A utilidade de um projeto universitário vai muito além da sua viabilidade financeira. E não tem sentido algum implementar um modelo comercial num laboratório que se presta justamente ao aprendizado e à experimentação de jovens estudantes em formação. Porém, é possível submeter o Jornal do Campus a alguns exercícios de realidade – que, suponho, já até tenham sido realizados alguma vez ao longo de seus 35 anos de existência.

Quem pagaria pela informação que está sendo entregue hoje? Quanto pagaria? E por que pagaria? Conhecer o leitor é um princípio básico de qualquer processo de comunicação jornalística. Se o repórter, o pauteiro, o editor não fazem ideia de quem está do outro lado, como podem definir a linguagem da publicação, os gráficos, as peças com informações de serviço, o tamanho médio dos textos, o tamanho da letra, a linguagem, os assuntos a serem cobertos?

Olhando as últimas edições, é difícil entender quem é o leitor. Se tivesse de apostar num perfil , eu diria que se trata talvez de um estudante permanentemente descontente com a reitoria, com os governos estadual e federal, extremamente interessado nos assuntos sindicais, engajado em protestos e na vida social da Cidade Universitária. Enfim, alguém muito parecido com o tipo de estudante que escreve os textos, provavelmente. Isso não é um problema em si. Mas é pobre.

Um exemplo: o espaço da Biblioteca da Brasiliana Guita e José Mindlin “registrou aumento na circulação de alunos”, mas se ressente dos “problemas com divulgação de suas atividades”. A quem interessaria saber disso, mas ficar sem saber qual o calendário das apresentações de música que “ocorrem no local toda quinta-feira”? Não há agenda, endereço, site ou telefone. Afinal, para quem se escreve um texto assim?

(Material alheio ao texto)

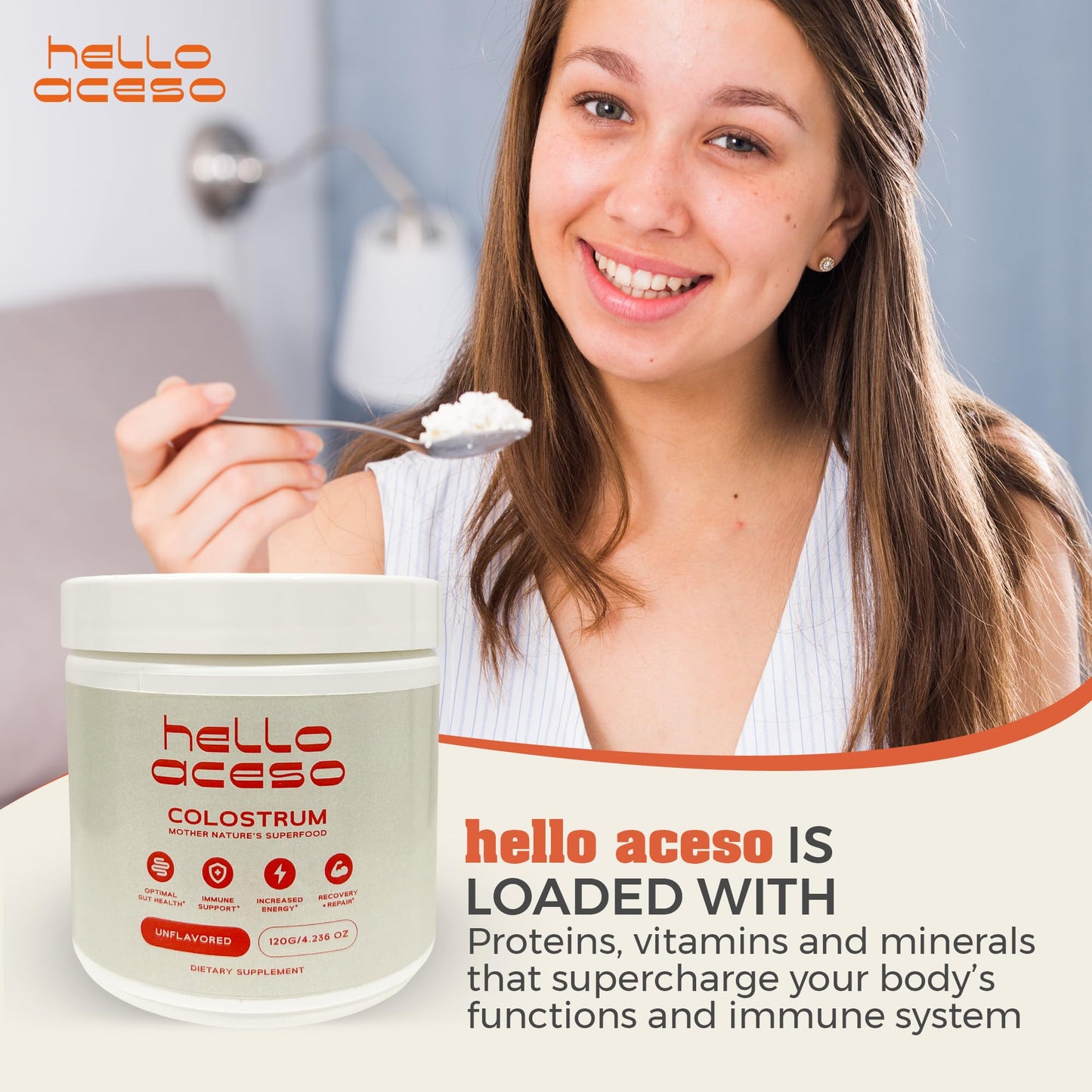 hello aceso Colostrum Powder 4.2 Ounce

Qual a utilidade de ler uma página inteira com descrições sobre o perrengue do transporte público na Cidade Universitária e a insuficiência de alternativas, como ciclovias, se não há um questionamento frontal à Secretaria de Transporte ou um gráfico mostrando a oscilação de público nos diferentes horários do dia, para que os passageiros se programem melhor; ou ainda as rotas mais seguras de bicicleta, as rotas noturnas mais bem iluminadas, enfim, algo que faça com que o leitor realmente veja utilidade na informação que está consumindo?

Nem tudo precisa ser matéria “de serviço”, como dizemos no jargão. Porém, nem tudo tem de ser um desserviço também. Afinal, pode até não parecer, mas tem alguém lendo isso.